Indo de um pólo a outro, não podemos deixar de lembrar que assim também já foram considerados igualmente inferiores os ocidentais (pelos russos da guerra fria), os soviéticos (pelos ocidentais), os brancos (pelos japoneses da segunda-guerra mundial), os cristãos (pelos radicais muçulmanos de hoje e pelos mouros do passado), os descendentes dos  italianos, alemães e japoneses (durante a segunda-guerra), os gauleses (pelos romanos), os chineses (pelos japoneses), os astecas, maias e incas (pelos espanhóis), os índios americanos (pelos que avançaram em direção ao oeste) e etc, etc, etc...
Somando-se os grupos descritos no parágrafo anterior com os do precedente, teremos então na história discriminatória da humanidade, praticamente todos os seres humanos enquadrados na categoria tanto de segregador quanto de segregado, mudando-se apenas o lado que está por cima, a impor o preconceito sobre os demais.

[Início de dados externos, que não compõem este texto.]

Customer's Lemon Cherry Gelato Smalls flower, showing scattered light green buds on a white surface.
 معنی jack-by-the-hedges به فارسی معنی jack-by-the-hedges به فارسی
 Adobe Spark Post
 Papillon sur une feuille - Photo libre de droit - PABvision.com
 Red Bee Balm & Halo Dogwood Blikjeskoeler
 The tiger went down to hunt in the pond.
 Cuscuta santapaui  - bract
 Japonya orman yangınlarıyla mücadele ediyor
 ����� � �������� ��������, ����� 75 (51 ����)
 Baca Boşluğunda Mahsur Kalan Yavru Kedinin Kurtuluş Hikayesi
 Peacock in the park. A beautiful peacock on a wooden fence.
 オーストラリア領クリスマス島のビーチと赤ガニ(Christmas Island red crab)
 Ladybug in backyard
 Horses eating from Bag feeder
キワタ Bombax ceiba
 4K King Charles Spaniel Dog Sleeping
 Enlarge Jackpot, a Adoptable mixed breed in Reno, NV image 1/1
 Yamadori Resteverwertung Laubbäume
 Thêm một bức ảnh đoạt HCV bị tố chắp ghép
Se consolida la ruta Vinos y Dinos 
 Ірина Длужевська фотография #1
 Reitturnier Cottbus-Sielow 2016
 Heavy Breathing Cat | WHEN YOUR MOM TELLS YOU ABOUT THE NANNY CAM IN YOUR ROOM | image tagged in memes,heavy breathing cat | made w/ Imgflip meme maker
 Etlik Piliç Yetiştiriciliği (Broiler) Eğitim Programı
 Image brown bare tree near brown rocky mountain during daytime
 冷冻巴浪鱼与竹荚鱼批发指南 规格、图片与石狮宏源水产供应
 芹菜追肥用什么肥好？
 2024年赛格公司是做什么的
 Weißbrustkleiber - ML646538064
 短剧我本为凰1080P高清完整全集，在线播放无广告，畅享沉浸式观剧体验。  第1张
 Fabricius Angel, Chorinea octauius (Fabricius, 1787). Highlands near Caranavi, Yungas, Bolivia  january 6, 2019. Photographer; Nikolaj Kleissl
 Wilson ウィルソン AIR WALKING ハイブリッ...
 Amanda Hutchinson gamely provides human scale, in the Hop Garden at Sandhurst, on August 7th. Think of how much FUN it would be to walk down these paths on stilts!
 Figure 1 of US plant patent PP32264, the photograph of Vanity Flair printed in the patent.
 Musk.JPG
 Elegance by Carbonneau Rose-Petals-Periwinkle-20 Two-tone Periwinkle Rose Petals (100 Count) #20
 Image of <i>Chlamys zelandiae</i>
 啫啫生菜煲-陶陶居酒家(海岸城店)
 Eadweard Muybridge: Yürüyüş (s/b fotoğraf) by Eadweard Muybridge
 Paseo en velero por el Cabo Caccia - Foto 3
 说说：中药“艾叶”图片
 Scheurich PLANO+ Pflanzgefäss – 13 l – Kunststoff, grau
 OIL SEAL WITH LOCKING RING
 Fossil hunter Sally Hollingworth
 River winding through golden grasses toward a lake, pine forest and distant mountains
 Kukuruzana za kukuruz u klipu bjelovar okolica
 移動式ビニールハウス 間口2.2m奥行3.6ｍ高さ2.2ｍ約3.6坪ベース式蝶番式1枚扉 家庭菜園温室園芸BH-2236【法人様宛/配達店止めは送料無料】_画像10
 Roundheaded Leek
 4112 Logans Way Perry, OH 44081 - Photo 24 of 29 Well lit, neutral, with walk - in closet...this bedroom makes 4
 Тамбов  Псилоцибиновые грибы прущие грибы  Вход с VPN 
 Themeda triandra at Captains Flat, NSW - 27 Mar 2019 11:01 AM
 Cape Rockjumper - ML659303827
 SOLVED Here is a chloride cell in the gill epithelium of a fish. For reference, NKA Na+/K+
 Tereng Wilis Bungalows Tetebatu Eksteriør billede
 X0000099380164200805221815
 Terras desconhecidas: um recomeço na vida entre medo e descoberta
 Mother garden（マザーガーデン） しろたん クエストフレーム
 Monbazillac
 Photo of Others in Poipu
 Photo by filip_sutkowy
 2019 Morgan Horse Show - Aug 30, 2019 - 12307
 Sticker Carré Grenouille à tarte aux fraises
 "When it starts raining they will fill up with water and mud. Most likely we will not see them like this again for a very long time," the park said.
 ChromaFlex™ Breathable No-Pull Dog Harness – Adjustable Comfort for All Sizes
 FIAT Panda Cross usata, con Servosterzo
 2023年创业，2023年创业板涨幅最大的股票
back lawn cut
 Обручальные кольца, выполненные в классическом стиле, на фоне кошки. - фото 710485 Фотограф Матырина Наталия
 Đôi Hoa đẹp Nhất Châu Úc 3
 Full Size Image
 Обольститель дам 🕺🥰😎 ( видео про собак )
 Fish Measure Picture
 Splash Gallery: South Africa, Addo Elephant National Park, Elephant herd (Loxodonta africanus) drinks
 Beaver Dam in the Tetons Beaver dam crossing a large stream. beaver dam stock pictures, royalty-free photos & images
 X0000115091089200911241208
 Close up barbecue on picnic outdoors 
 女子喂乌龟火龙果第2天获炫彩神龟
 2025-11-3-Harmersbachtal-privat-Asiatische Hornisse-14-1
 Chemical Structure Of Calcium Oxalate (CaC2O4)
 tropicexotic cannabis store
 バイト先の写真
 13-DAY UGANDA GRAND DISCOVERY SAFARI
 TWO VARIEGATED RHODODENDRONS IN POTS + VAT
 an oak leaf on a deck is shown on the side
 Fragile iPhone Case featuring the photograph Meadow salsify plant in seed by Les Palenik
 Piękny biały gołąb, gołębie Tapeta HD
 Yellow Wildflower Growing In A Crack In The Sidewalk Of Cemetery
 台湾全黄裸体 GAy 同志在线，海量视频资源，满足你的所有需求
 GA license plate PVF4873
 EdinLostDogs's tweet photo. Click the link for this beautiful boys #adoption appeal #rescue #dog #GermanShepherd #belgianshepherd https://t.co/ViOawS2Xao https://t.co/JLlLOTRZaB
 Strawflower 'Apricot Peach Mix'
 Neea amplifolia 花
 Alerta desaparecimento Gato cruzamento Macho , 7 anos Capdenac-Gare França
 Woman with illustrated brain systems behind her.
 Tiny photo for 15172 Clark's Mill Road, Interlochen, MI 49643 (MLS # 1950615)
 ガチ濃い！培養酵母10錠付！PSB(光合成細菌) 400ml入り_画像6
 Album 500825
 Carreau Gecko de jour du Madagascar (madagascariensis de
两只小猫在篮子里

Eu, por exemplo, seria discriminado pelos japoneses em 45, pelos soviéticos da década de 50, pelos muçulmanos radicais atuais, pelos espanhóis de agora por ser latino-americano e mais presentemente, pelo Supremo Tribunal Federal de meu pais, que determinou que eu e tantos outros brasileiros deveremos entrar automaticamente com uma desvantagem de 20% em nossos pontos no vestibular para o acesso a educação superior, caso eu ouse procurar cursar uma faculdade pública. A mesma que paguei para existir através de meus impostos. O STF, tão magnânimo, ainda me confere o direito de custeá-la, mas dificulta o meu acesso a ela. De certa forma, é maravilhoso perceber como a discriminação não passa apenas de uma questão de perspectiva intencionalmente pervertida.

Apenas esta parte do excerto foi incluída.